**AIM OF THE EXERCISE**: For this exercise, reproduce the entries below exactly, but only from the line containing "Hey guys, it" through the line containing "I want to show", both included.

── PROVIDED INFORMATION ──

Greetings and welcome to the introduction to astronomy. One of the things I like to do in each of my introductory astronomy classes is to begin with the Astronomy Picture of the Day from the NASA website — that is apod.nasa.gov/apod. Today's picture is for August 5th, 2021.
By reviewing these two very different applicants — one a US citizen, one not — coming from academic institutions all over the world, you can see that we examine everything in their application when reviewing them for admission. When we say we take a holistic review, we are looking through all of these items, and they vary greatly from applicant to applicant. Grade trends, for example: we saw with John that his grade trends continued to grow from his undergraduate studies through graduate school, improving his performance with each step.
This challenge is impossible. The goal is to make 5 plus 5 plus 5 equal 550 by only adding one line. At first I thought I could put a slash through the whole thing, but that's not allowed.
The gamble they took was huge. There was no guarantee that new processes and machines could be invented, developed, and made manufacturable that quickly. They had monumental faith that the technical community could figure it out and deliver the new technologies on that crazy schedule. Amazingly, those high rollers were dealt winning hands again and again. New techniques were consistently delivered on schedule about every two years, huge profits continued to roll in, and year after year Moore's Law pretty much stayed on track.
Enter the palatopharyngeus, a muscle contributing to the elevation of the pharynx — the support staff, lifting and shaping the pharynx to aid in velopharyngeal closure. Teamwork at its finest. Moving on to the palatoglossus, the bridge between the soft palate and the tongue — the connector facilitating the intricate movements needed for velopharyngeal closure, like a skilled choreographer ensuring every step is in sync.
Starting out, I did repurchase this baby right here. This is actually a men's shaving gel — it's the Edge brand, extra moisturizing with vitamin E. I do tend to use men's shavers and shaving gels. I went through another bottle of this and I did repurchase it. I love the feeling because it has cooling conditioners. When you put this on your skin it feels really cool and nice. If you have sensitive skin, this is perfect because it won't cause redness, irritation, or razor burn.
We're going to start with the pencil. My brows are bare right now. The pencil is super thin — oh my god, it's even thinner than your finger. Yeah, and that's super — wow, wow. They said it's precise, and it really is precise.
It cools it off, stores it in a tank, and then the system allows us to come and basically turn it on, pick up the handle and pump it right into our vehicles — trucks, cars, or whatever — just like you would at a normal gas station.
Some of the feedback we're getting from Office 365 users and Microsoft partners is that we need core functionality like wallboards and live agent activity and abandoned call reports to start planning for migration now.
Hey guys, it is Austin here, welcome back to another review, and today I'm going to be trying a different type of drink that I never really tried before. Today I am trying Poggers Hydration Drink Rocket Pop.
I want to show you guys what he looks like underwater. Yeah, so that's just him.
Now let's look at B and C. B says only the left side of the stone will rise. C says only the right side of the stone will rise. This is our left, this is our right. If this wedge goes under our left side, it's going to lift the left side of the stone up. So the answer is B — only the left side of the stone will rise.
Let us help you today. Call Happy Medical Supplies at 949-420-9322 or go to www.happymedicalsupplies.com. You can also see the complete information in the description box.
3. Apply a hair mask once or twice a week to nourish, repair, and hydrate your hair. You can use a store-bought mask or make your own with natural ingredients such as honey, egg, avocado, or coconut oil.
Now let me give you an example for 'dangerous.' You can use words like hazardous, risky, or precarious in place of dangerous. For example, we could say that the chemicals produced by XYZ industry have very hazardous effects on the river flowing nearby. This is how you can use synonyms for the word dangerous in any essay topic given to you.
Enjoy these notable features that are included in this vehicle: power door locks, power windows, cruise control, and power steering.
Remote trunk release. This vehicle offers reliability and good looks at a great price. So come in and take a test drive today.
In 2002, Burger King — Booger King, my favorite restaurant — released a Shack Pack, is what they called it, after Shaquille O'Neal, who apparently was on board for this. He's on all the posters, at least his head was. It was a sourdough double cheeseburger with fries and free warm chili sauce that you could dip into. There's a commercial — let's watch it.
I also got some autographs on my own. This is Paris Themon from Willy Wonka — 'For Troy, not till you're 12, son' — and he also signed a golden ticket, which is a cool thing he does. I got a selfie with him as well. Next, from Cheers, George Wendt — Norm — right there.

───

**RESPONSE TO THIS EXERCISE**:
Hey guys, it is Austin here, welcome back to another review, and today I'm going to be trying a different type of drink that I never really tried before. Today I am trying Poggers Hydration Drink Rocket Pop.
I want to show you guys what he looks like underwater. Yeah, so that's just him.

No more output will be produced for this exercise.